As far as I understand it (I could be wrong) user.exe 16 bit heap stores things like window classes, message queues and gdi.exe 16 bit heap stores logical pens, brushes so if any app 32bit or otherwise requires any of these, into the heap they go. Gdi.exe and user.exe heaps are in conventional memory the first 640kb of system memory and reside their for dos app compatibility a legacy from the first processors, which couldn't address over 1 MB of memory.
I don't get it. Why are those things 16 bit for DOS compatibility? No DOS programs uses such things, as they're DOS programs, not Windows programs.
Enhanced mode

Enhanced mode Windows rode squarely on the two main features introduced with the 80386: paging and virtual 8086 mode. Paging offered Windows the ability to use vast amounts of memory, even if there wasn't a corresponding amount of physical memory. This was done by using disk space to simulate real physical memory. Virtual 8086 mode enabled Windows to run MS-DOS-based programs in a processor simulation of an 8086 CPU. Ill-behaved MS-DOS-based programs were rarely able to bring down the entire system anymore.

Interestingly, enhanced mode Windows was superior to standard mode primarily because of additions underneath the standard mode code. The layer of ring 0 code known as the Virtual Machine Manager (VMM), along with Virtual Device Drivers (VxDs), introduced the architecture that still powers Windows 98. This ring 0 code did many things, but the two most powerful were page-based memory management and virtual machines.
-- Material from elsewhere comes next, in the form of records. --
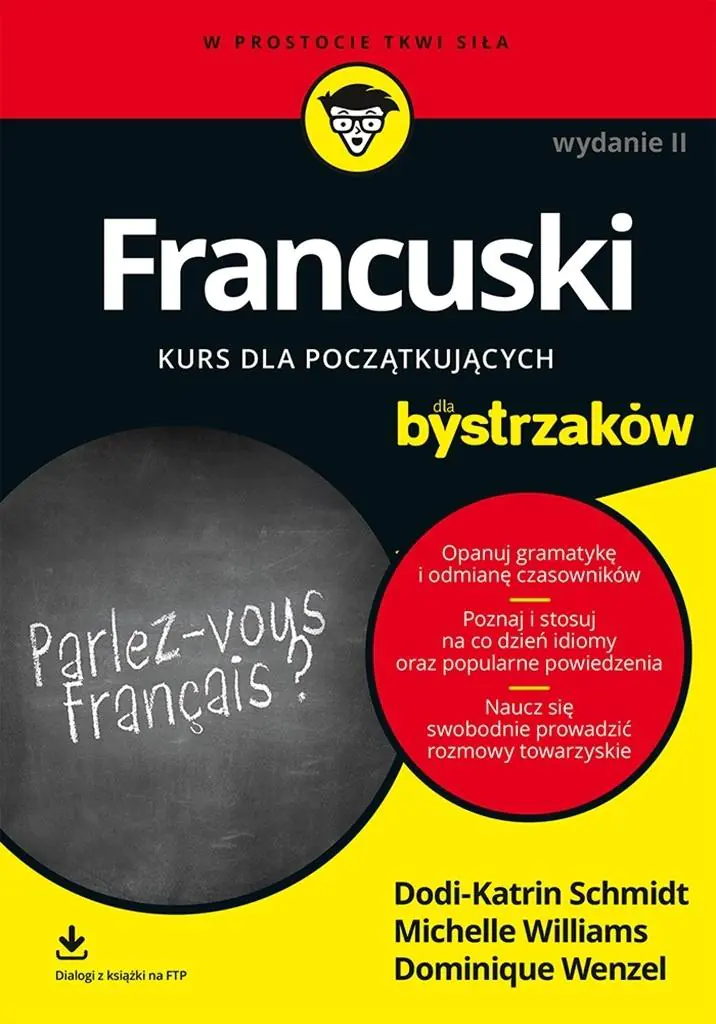 Książka - Francuski dla bystrzaków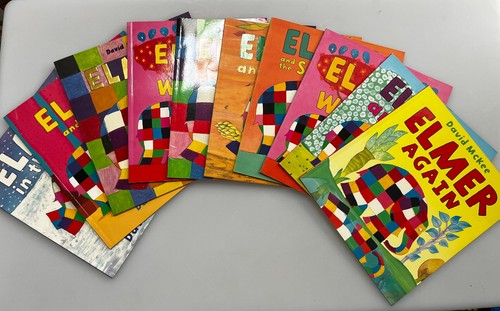 Elmer children picture - picture, books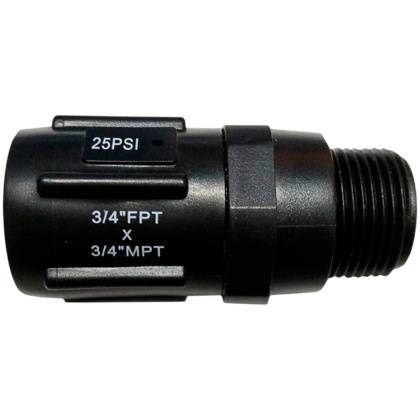 товар Регулятор давления Green Helper Ø3/4" внутренняя х 3/4 наружняя 25PSI 1.70bar PR013425P Green Helper магазин Tehnorama (официальный дистрибьютор Green Helper в России)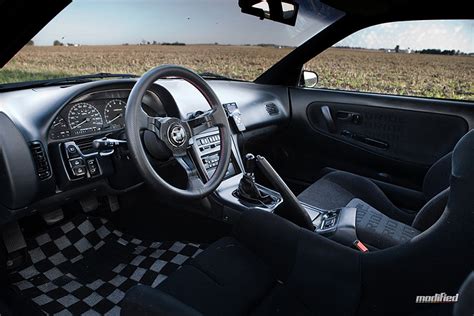 A Change of Pace | Nissan 240sx, Nissan 180sx, Factory interior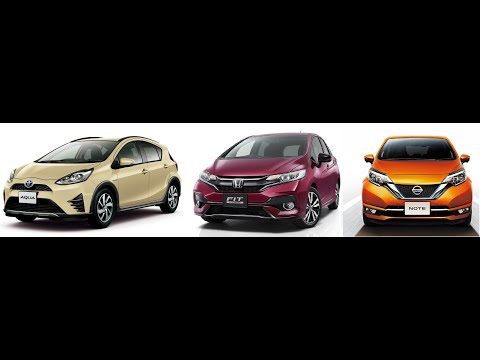 Видео: Гибридные автомобили. Хэтчбеки от Toyota, Nissan, Honda. Какие различия, что выбрать?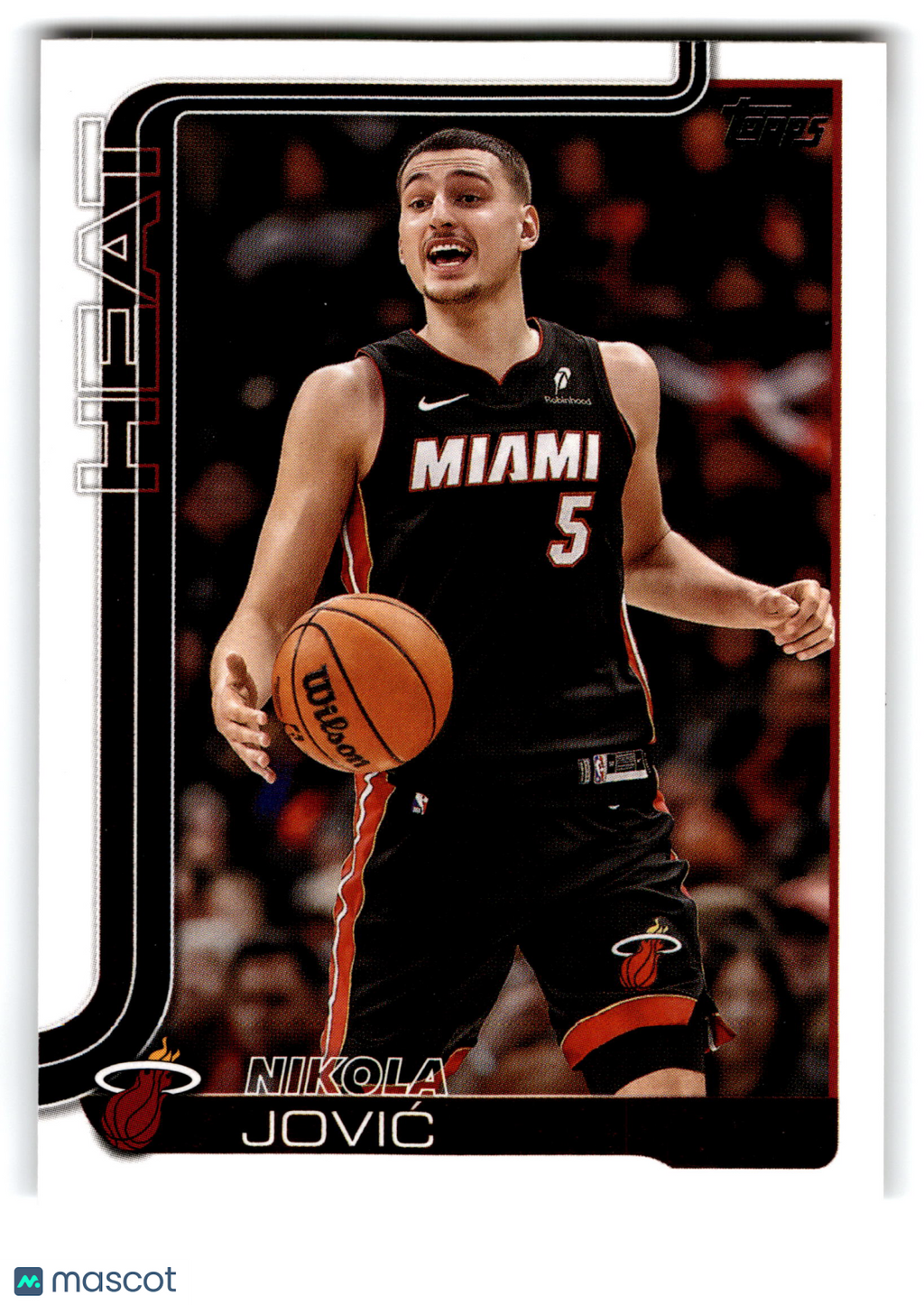 2025 Topps Flagship Nikola Jovic #76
Enhanced mode Windows implemented page-based memory management, but this fact was essentially invisible to applications and the ring 3 system components; the VMM simply made a bigger pool of memory for the system to allocate from. All user mode code still dealt with segments and was oblivious to the fact that physical memory might not be assigned to a segment at any particular point in time.

Virtual machines allowed Windows-based applications and multiple MS-DOS prompts to run concurrently, with each believing that it had sole control of the keyboard, mouse, screen, and so forth. All Windows-based applications ran in a single virtual machine reserved for their use. This was made possible by the virtual 8086 mode support introduced with the 80386.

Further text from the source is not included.